The story of Sylvia, who recovers Cargo ships, oil platforms and tankers

29/09/2017

Economy



For months in 2012 and 2013 she inspected inch by inch the heeled hull of the Costa Concordia, stuck near Giglio island. It took a while to secure it and remove it in order to prevent it turning into a wreck, a long-lasting memory of a careless manoeuvre. Where there’s a stuck boat, upturned, adrift, there’s the risk that it will destroy sea beds and shores. It takes a specialised intervention carried out by teams equipped with technologies and competences ranging from engineering to nautical science to move these sea giant towards safer places, to cross the sea and be disposed for good.

Sylvia Tervoort is a 38 year-old Dutch lady from Castricum near Amsterdam, and according to the Guardian probably she is the only woman in the world working in this sector and managing these sorts of operations. In the past, Tervoort supervised an intervention in Cuba to remove a stuck cargo ship, she helped the owners of an oil tanker ran aground in Morocco, eventually getting it back to the sea without it spilling its content. She took over a burning cargo ship in the middle of the sea together with her team. She managed to separate two boats carrying explosives after a collision in the middle of the Mediterranean sea. You need an incredible mix of skills to successfully and safely undertake operations of this scale. You need to know every single detail concerning these gigantic structures, often big as tower blocks. You need to have orientation skills and to be able to master climbing and diving techniques.
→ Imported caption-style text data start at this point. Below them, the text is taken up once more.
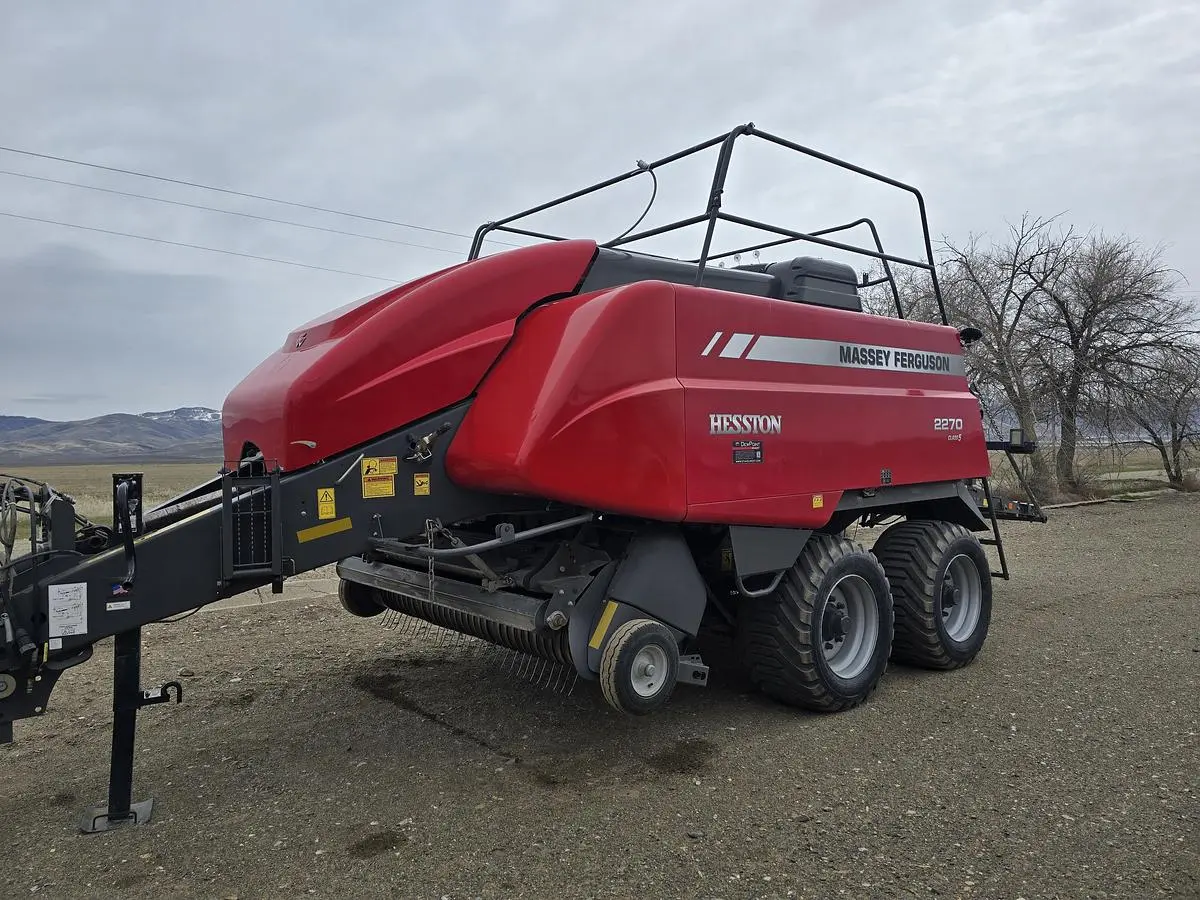 USED 2021 MASSEY FERGUSON 2270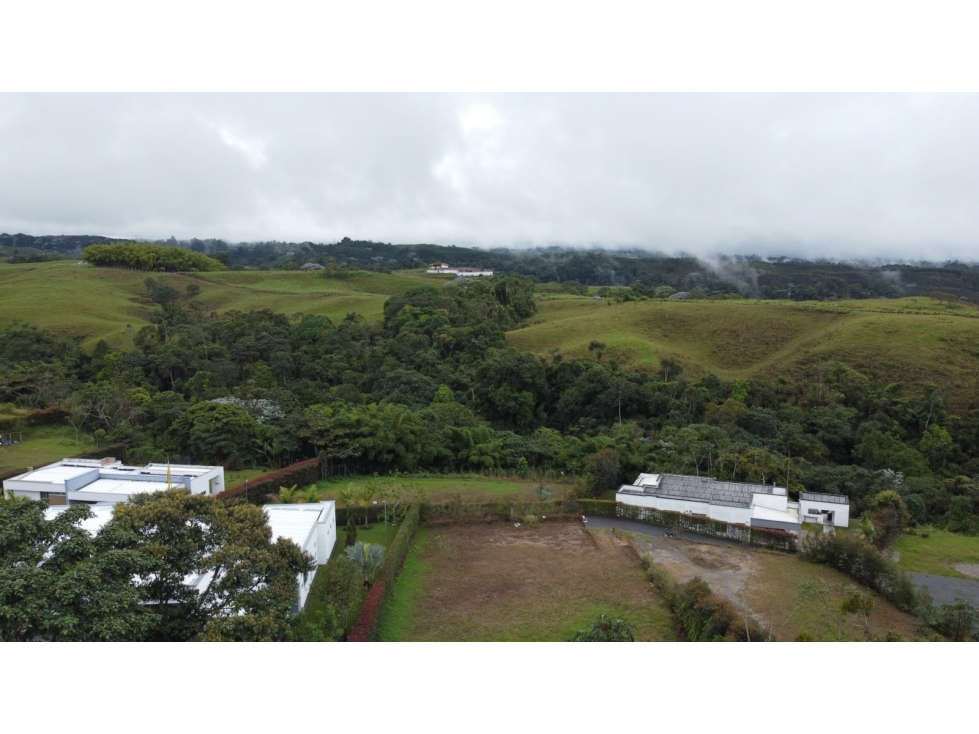 LOTE EN VENTA VÍA ARMENIA PEREIRA - 4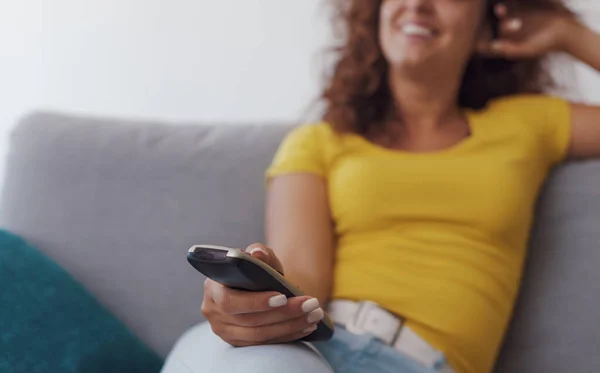 Mujer Relajada Sentada Sofá Casa Viendo Televisión Ella Sostiene Control —  Fotos de Stock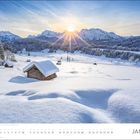 Der Text "JANUAR" steht unten rechts, darunter ein Kalender. Verschneite Landschaft mit Hütten, Bäumen und Bergen im Sonnenaufgang.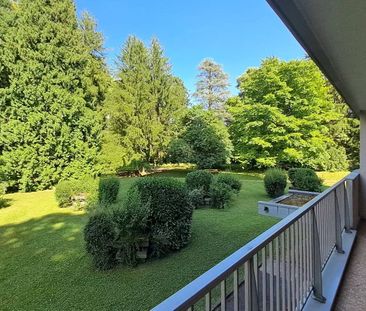JACOB BELLECOMBETTE - T2 avec balcon et garage - Photo 2
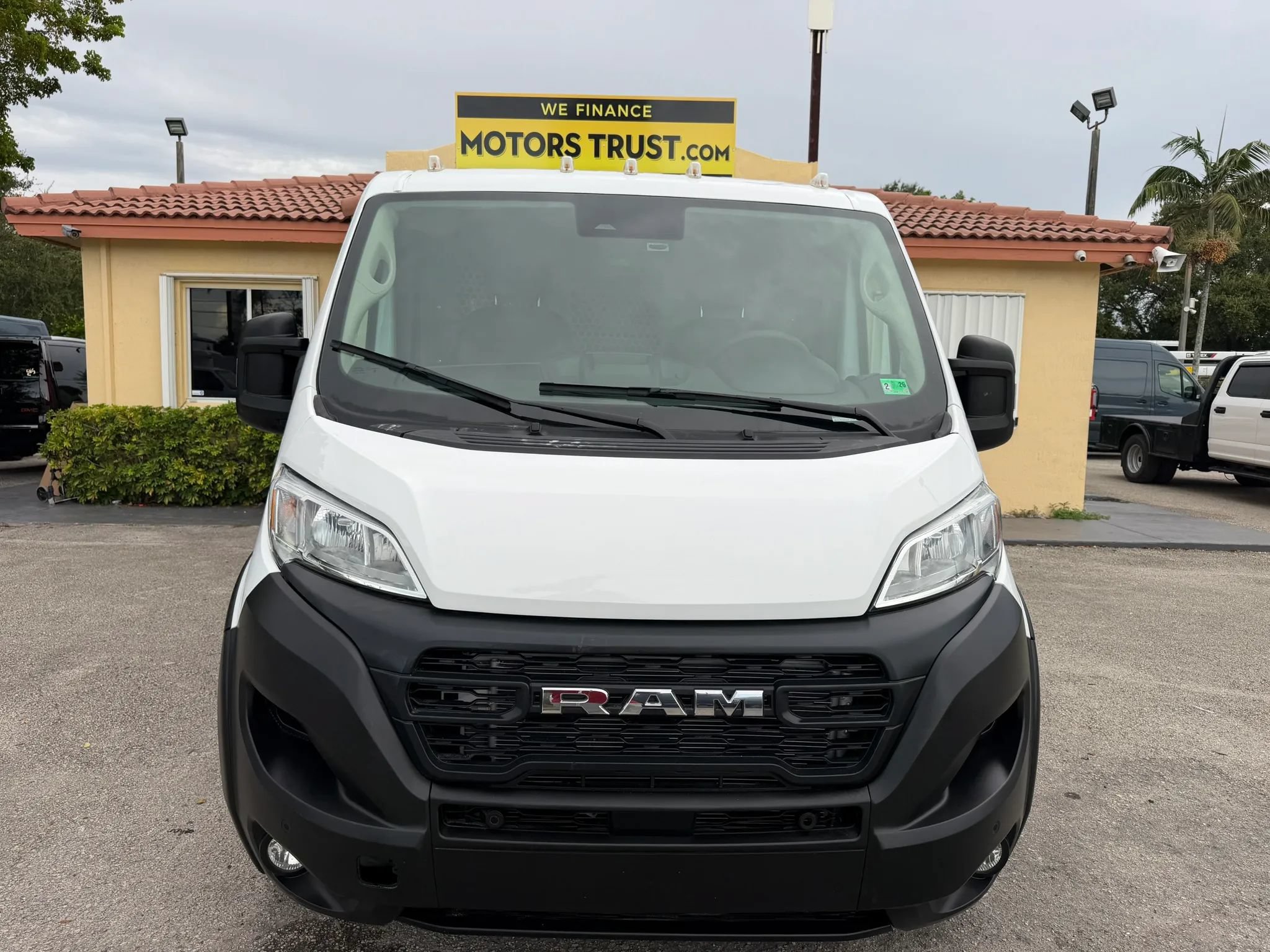 Used 2024 RAM ProMaster 2500 136 w/ Safety Group FWD image 12
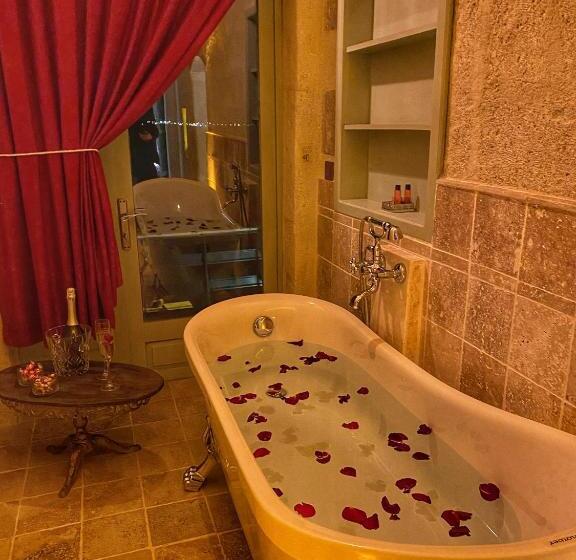 سوییت, Takaev Cave House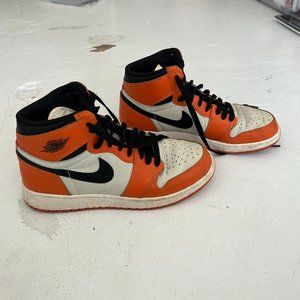 Nike Jordan 1 Retro High OG in Starfish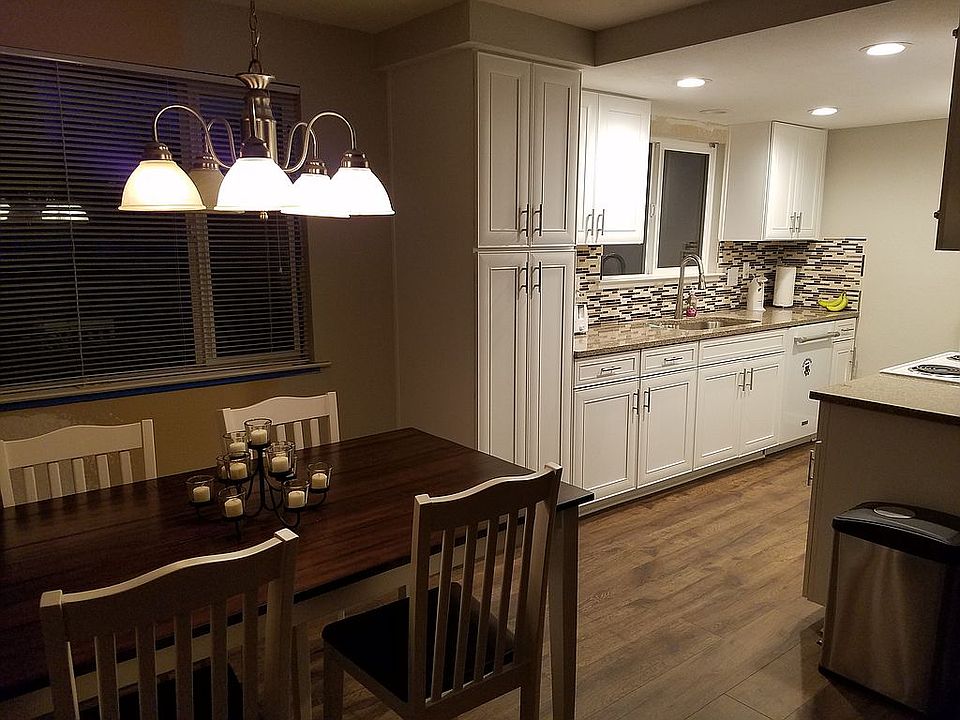 2nd image of 658 Bowles Ln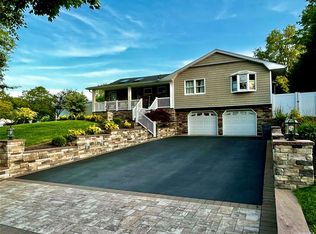 2 Terrace Dr, Hauppauge, NY 11788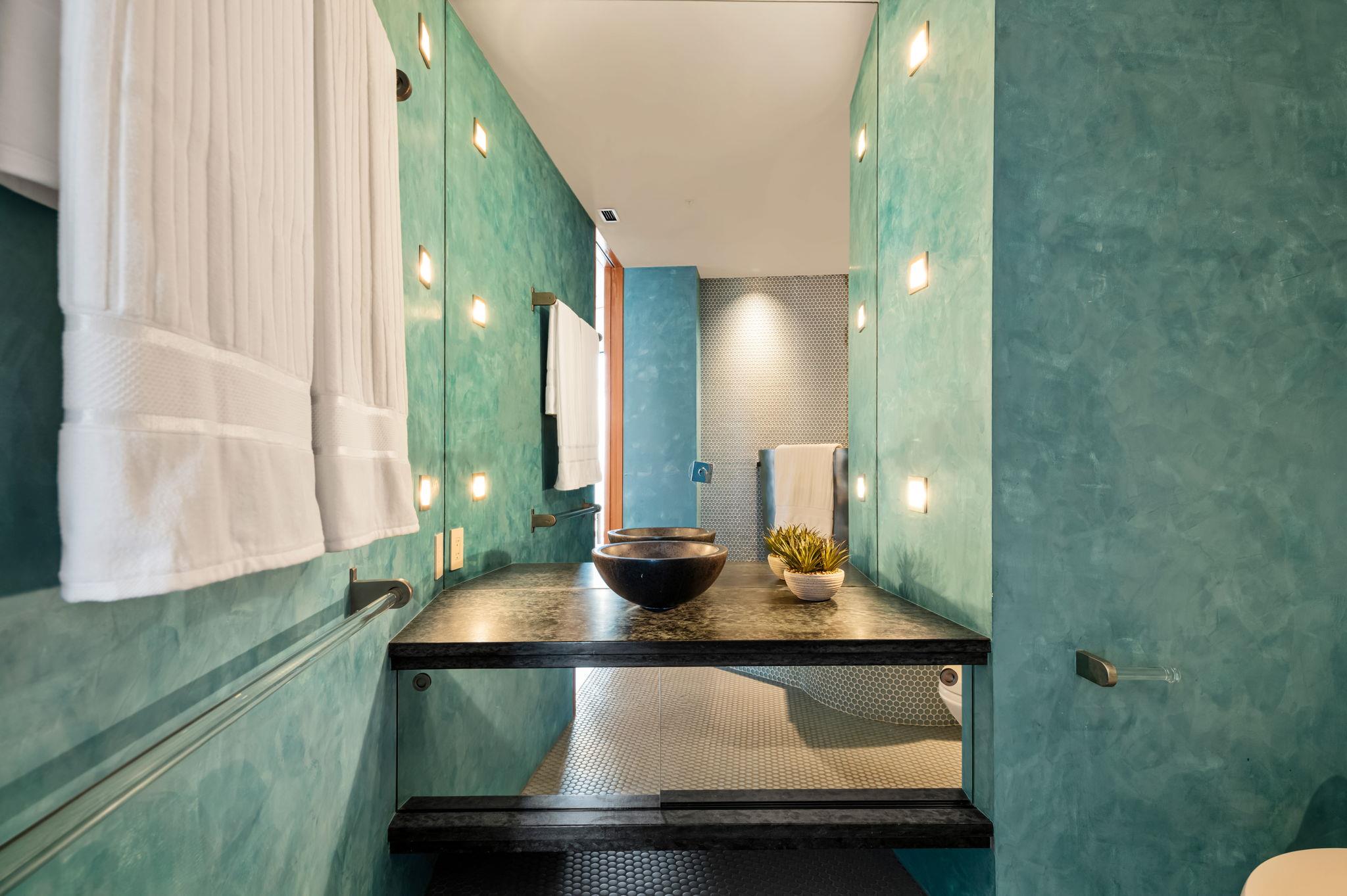 360 Nueces St # 4211, Austin, TX 78701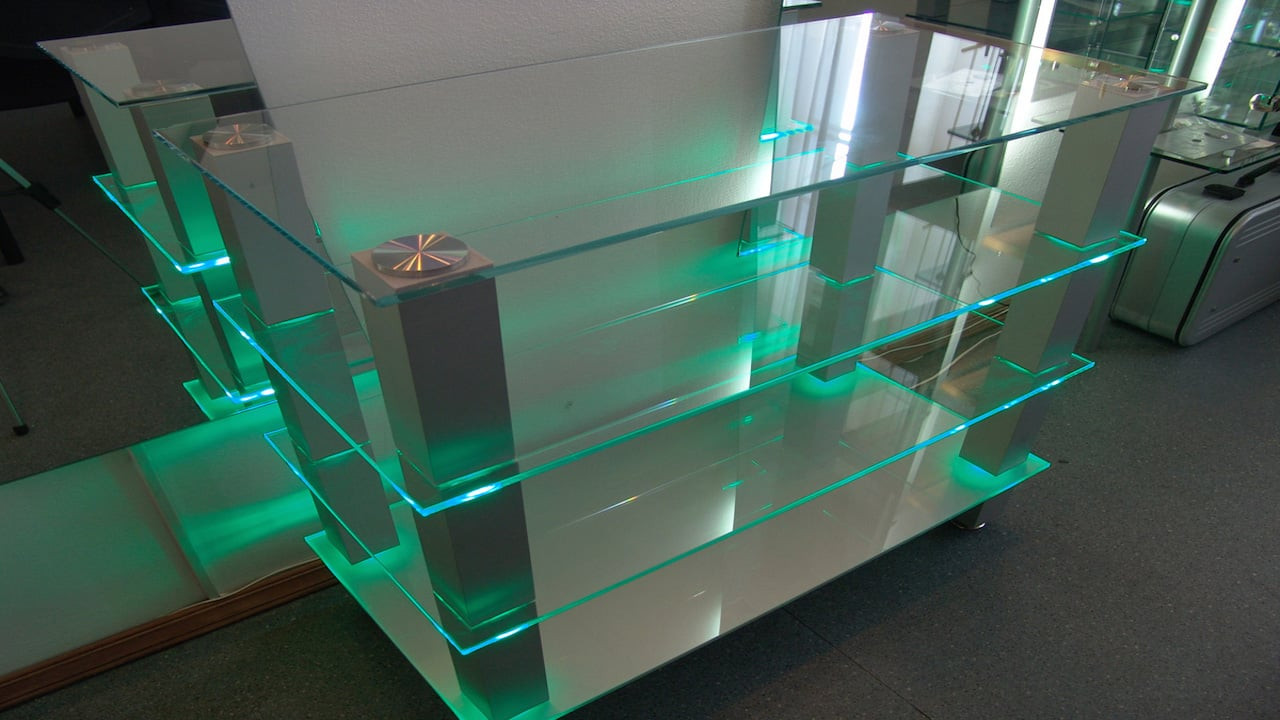 Рассмотрены виды стекла, применяемые при изготовлении современной мебели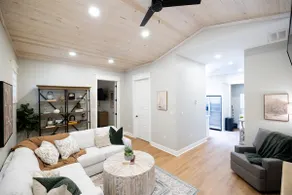 Walkable thru Historic District and Downtown - Image 2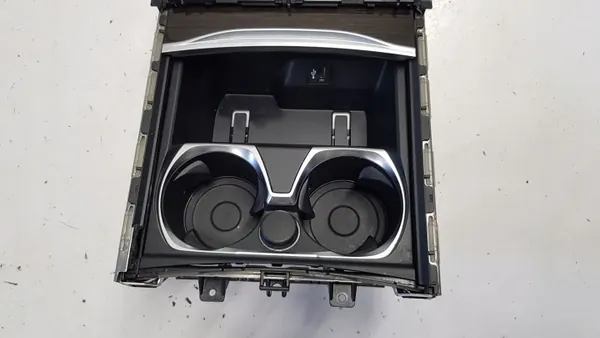 BMW 7-sarja G11 tunnelivarasto OEM 82778001 image 8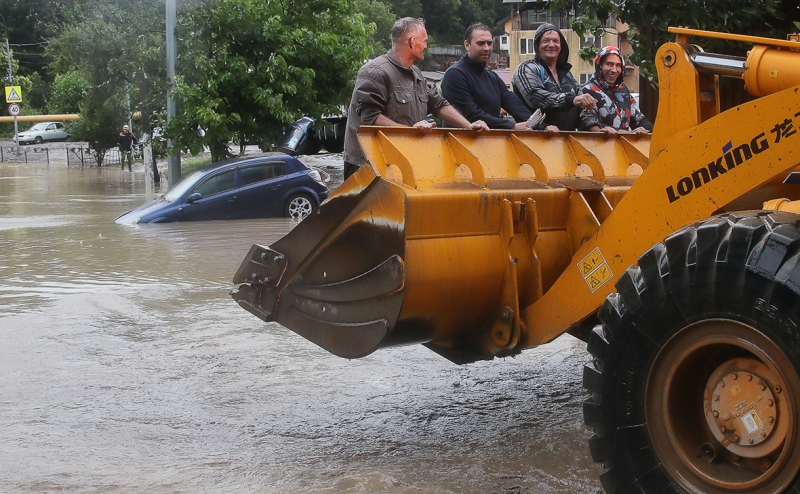 Краснодарский край начал готовиться к эвакуации жителей из-за ливней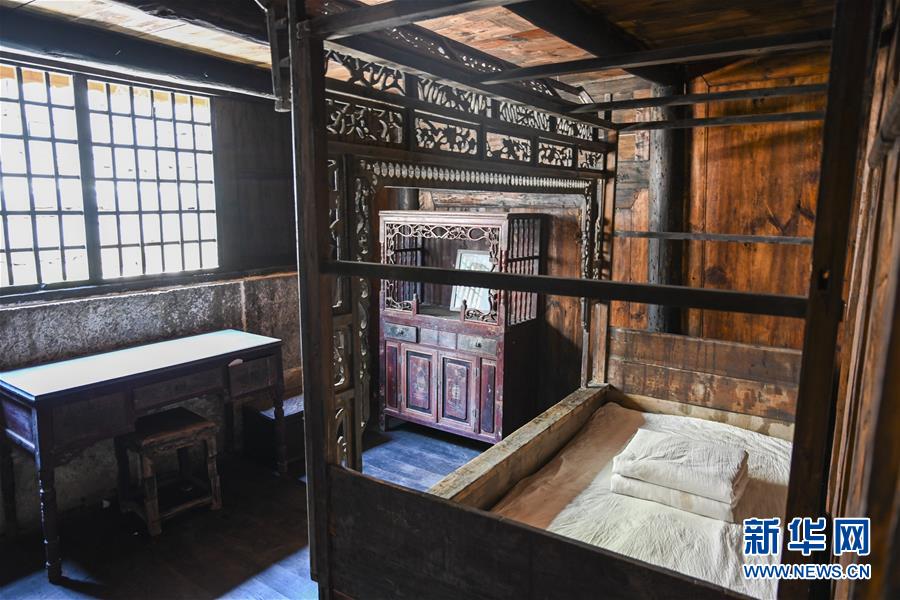 （壯麗70年&middot;奮斗新時代&mdash;&mdash;記者再走長征路&middot;圖文互動）（5）手捧棉被憶紅軍：走了那么多年，我們都念他們的好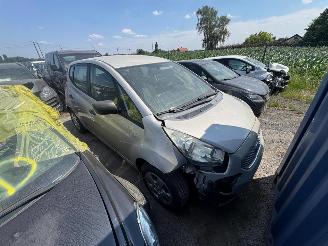 Damaged car Kia Venga  2010/7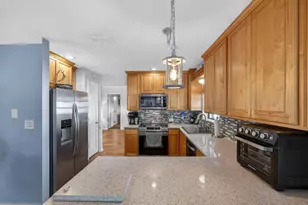 133 NW Avens St, Port Saint Lucie, FL 34983 - Photo 4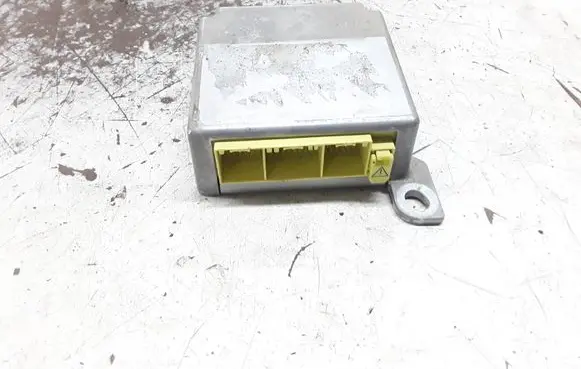 Nissan X-Trail T30 Airbag control unit/module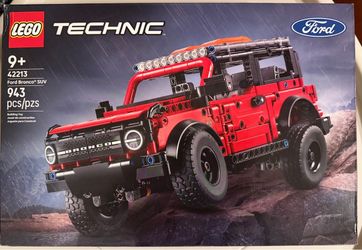 LEGO Technic Ford Bronco SUV Set 42213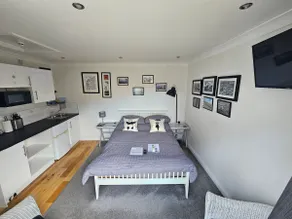 Modern immaculate studio with AC & parking, outside the CAZ - Image 2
You need a fit body, a pinch of creativity, a seaman’s spirit and a good dose of bravery.

In 2016 Tervoor and her team freed a 17ton drilling platform, the Transocean Winner, which had been thrown off the coast of Lewis island in Scotland by a violent storm, and managed to ferry it to Malta to be dismantled and destroyed. Tervoort went there with her team, studied the situation, first diving then climbing over the huge structure heeled on its four giant orange legs, realised that ferrying it towards deeper waters would most likely damage the seabed, then opted for dry-pulling it with the aid of a ship specialised in exceptional loads. This recovery ship was first sunk underneath the platform, then lifted up with the special load secured to its structure and bound to be scrapped.

She seems a modern-day hero, but her approach is extremely pragmatic and miles away from any sort of romanticism. To the Guardian she described her occupation as a job just like many others, she explained that her duty involves preventing what she describes as assets from turning into wrecks, something that would happen indeed if she were too impatient or too cautious.